Key findings from the literature indicate that the field has experienced an extraordinary surge in the application of advanced computational tools. The authors report that modern development has successfully enabled the fusion of multiscale and multimodal information streams. Results demonstrate that extracting meaningful insights from complex repositories is now a rapidly evolving process. The review identifies that significant challenges persist regarding the efficiency of current curation practices. Findings reveal that in-depth analysis remains constrained by existing technical limitations in data handling. The evidence suggests that these computational frameworks are essential for achieving a profound understanding of tumor biology. Authors highlight that current efforts are primarily directed toward overcoming these systemic analytical barriers.
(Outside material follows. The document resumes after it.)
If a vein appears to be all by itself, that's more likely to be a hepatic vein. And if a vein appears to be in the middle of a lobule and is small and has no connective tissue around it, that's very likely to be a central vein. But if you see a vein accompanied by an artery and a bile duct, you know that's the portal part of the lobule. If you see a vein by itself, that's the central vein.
The literature confirms that these digital advancements are actively shaping the future of oncological research.

Conclusions:

The authors propose that interdisciplinary cooperation is necessary to overcome existing technical barriers in data management. Their synthesis suggests that refined curation practices will enhance the utility of computational models in clinical settings. The review implies that merging diverse data types provides a more complete picture of tumor progression. Researchers indicate that current advancements are shifting the paradigm toward more personalized therapeutic strategies. They emphasize that addressing analytical limitations is a prerequisite for translating digital insights into bedside care. The evidence points toward a future where automated systems assist in complex diagnostic decision-making processes. The authors conclude that ongoing refinement of these tools will likely yield better prognostic accuracy for patients. This work serves as a call to action for integrating computational expertise into standard oncological practice.

The researchers propose that combining multiscale and multimodal information streams allows for more robust pattern recognition. Unlike traditional single-source analysis, this integrated approach captures complex biological interactions that are otherwise invisible to standard statistical methods.
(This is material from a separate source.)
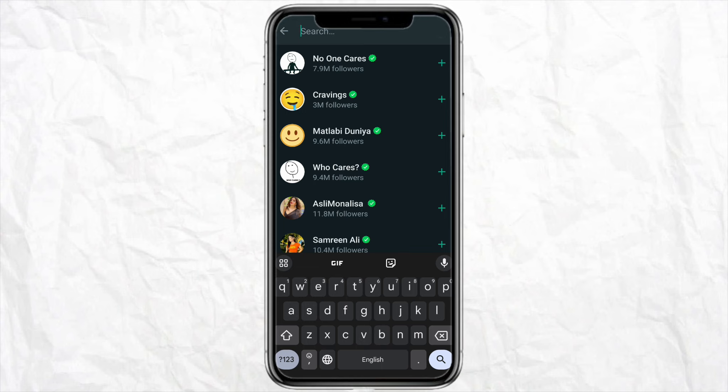Here you can search the name of the particular channel that you would want to join. And when you will find the channel, just click on the plus icon and here it will say that you have joined the channel.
The authors highlight data curation as a primary hurdle. While raw information is abundant, the lack of standardized, high-quality preparation protocols prevents the effective deployment of predictive models compared to well-curated, smaller-scale clinical trials.

The authors suggest that interdisciplinary collaboration is necessary to bridge the gap between computational science and clinical oncology. Without this synergy, technical experts may develop tools that lack biological relevance, whereas clinicians may struggle to interpret complex algorithmic outputs.
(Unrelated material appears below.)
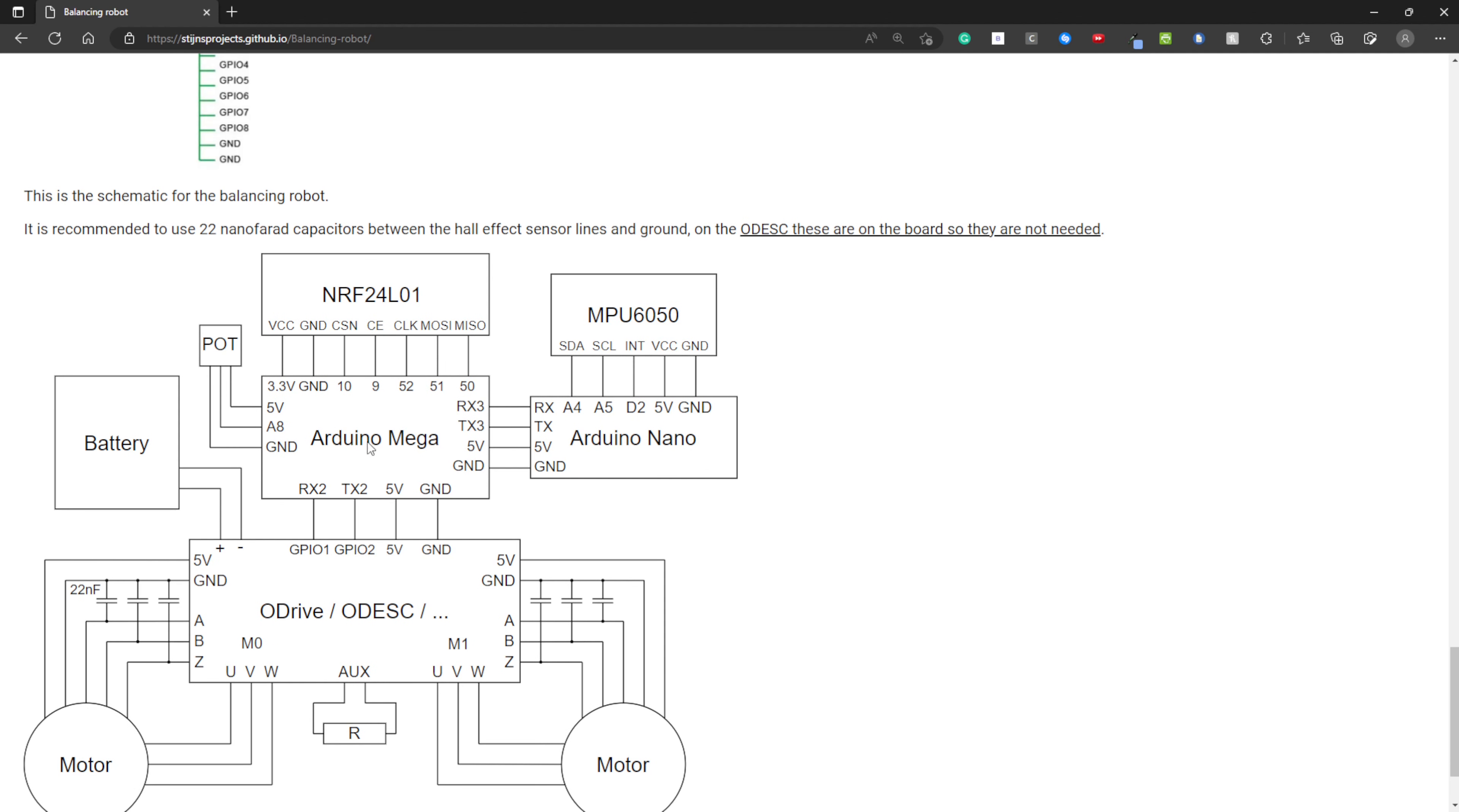Here is the main controller, the Arduino Mega. Here is the potentiometer. This sets the balance point of the robot. This is the NRF24L01 for the wireless communication. And the Arduino Nano that's connected to the MPU6050 for the angles.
The authors describe multiscale data as a vital component for capturing tumor heterogeneity. By integrating molecular, imaging, and clinical records, these models provide a more comprehensive view than relying on a single data type alone.

The researchers identify the current state of the art as a rapidly evolving landscape. They compare this to earlier, more limited analytical approaches, noting that modern systems now handle vastly larger volumes of information with greater speed.

The authors propose that these advancements will contribute to improved patient outcomes. They suggest that by refining how information is extracted and utilized, clinicians can move toward more precise, individualized treatment plans for better long-term survival.